De Estrada utiliza su lente para revelar gestos animales en las personas y rasgos humanos en los animales, proponiendo una ética y una poética que iguala a ambos. El libro invita a reconsiderar la familiaridad entre especies y a reconocer detalles que suelen pasar inadvertidos en la vida diaria.
El volumen concluye con un epílogo de la antropóloga Celeste Medrano, quien destaca el valor de la mirada como puente entre los seres humanos y el entorno, especialmente en la conexión con los animales. A continuación, reproducimos el texto de Medrano titulado “El animal que (me) mira”:

“El pensamiento animal, si lo hay, depende de la poesía”.
Jacques Derrida (2008)
Desnudos, el filósofo argelino Jacques Derrida y su gata se miran y esa experiencia fabrica aquella taxonomía en la que el humano y el animal tejen la poética de la diferencia, un territorio de vergüenzas.

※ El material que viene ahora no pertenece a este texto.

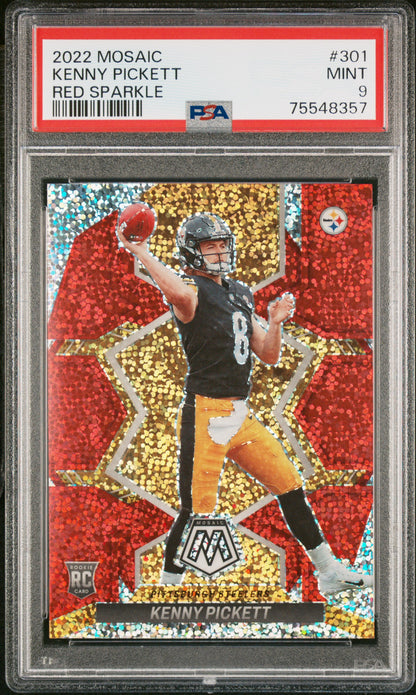 2022 Panini Mosaic #301 Kenny Pickett Red Sparkle PSA 9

“Ante la gata que me mira desnudo”, se interroga el filósofo, “¿tendría yo vergüenza como un animal que ya no tiene sentido de su desnudez? ¿O, al contrario, tendría vergüenza como un hombre que conserva el sentido de la desnudez? ¿Quién soy yo entonces? ¿Quién soy? ¿A quién preguntarle si no al otro?”. Quizás a la propia gata, se responde Derrida. Él nos insta, suelto de ropas, a abrir aquella cerrada trama que nos enreda, la del mundo moderno, aquel que, separando animales de humanos, razón de instinto -pero también (y, sobre todo) naturaleza de cultura, ciencia de arte-, nos despojó de la posibilidad de devolver-la-mirada.
Tenemos entonces entre manos un obsequio, el vértigo de una posibilidad: la de abrir un espacio de conversación más-que-humana. Y fabricarnos, con dicha potencia, una línea de fuga que nos conceda la facultad para reencantar un mundo: volver a aprender los pasos de una danza-con animales y plantas, hongos, musgos, rocas y astros, el agua y el viento. Pero, ¿cómo conversar-con? ¿En qué idioma?

Volvamos un poco atrás: hay un filósofo y una gata que se miran. Y el primero sabe que lo propio del hombre es una técnica -la del vestido-; sabe que la gata no se sabe desnuda pues dicha técnica no es su destino. Sin embargo, hay algo que se encuentra atrayéndolos, un oficio quizás más viejo -inmemorial-, el de mirarse. Entonces, tal vez el problema no sea si el animal puede o no hablar sino si puede responder, y en el doble juego de miradas algo, parecido a una conversación, coagula. ¿La mirada podría ser entonces la forma de la técnica que disuelve el límite humano-animal y nos devuelve al mundo de la co-existencia? Derrida escribe: la gata “tiene su punto de vista sobre mi. El punto de vista del otro absoluto y esta alteridad absoluta del vecino o del prójimo nunca me habrá dado tanto que pensar como los momentos en que me veo desnudo bajo la mirada de un gato”.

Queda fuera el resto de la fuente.